Onewheel put a ton of resources into developing a baller iPhone & Android App. You can dim the headlights, check the mileage, earn badges, and compete on leaderboards. It’s the most impressive electric riding app I’ve used.

So, if having a beautifully polished phone app is a priority for you, Onewheel has it.

Wobbly Carving

Most of my childhood was spent on a skateboard/longboard.

Why do I bring this up?

Well, because I’m familiar with a board that has four wheels. When you perform deep toeside/heelside carves on a Onewheel, it’s more wobbly.

What do I mean exactly?

When you shift your weight to one side, the Onewheel tire is rounder than skateboard wheels.

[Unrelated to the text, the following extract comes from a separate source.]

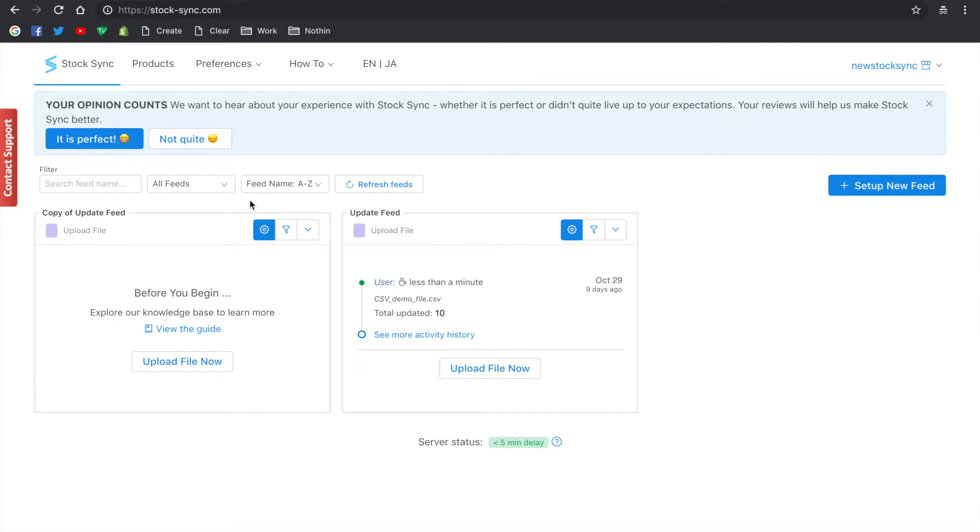Hi there and welcome to StockSync. Today we will be showing you how to update products from GlobalCrafts using the update feed.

As a result, it feels more wobbly, and you can’t carve as deep. This is one of the main reasons why I use my electric skateboard more than my Onewheel.

Sketchy Dismounts

The hardest part for me was learning how to properly get off the Onewheel. You can either lift your front heel or hop off. For a while, I couldn’t figure out how to lift my heel long enough to turn it off.

So, I would always hop off.

But it was sketchy af because if you don’t jump off with both feet simultaneously, the Onewheel could accelerate to one side. Here’s a funny TikTok of my uncoordinated friend trying the Onewheel for the first time.

High off the ground

Because Onewheel uses a tire, it sits much higher off the ground than most electric skateboards. While it’s a positive for clearance purposes, it’s a long and potentially painful fall to the ground.

Electric Skateboard

Now I’ll cover my thoughts on electric skateboards.

loaded revel kit electric skateboard

Higher Speeds

Most electric skateboards will top out at a higher speed than the Onewheel. The Onewheel probably isn’t for you if you’re all about speed. However, I will say that its top speed is plenty fast. I was concerned about it not being fast enough, but it’s enough for only having one wheel. Trust me.

Stable Carving

As I described above, the Onewheel can get sketchy when doing deep carves. This is why I prefer riding my electric skateboards on the pavement. Having four urethane wheels making contact with the ground versus one tire makes for a more enjoyable deep carving experience.

Remote Control

Again, as I said above, holding an extra piece of equipment just to shred isn’t my favorite. I love the easiness of having no remote in my hand while riding my Onewheel. I’d consider this a downside of electric skateboards, but you might not.

Bottom Line

I grew up skateboarding, surfing, and snowboarding. So, I prefer something that feels familiar, which for me is electric skateboards.

At the moment, this electric surf cruiser is my favorite setup because I love to cruise 8-12mph and perform deep carves.

While I love riding my Onewheel for off-road trail adventures, riding it on the pavement isn’t as fun.

All of this stuff is subjective!

If there’s one thing I learned after testing a ton of different skateboards, everyone has their own riding style, and it’s personal preference.


I've been skateboarding for over twenty years. When I'm not skating, I'm most likely surfing my local break. The goal is to fuel the growth of all genres of skateboarding.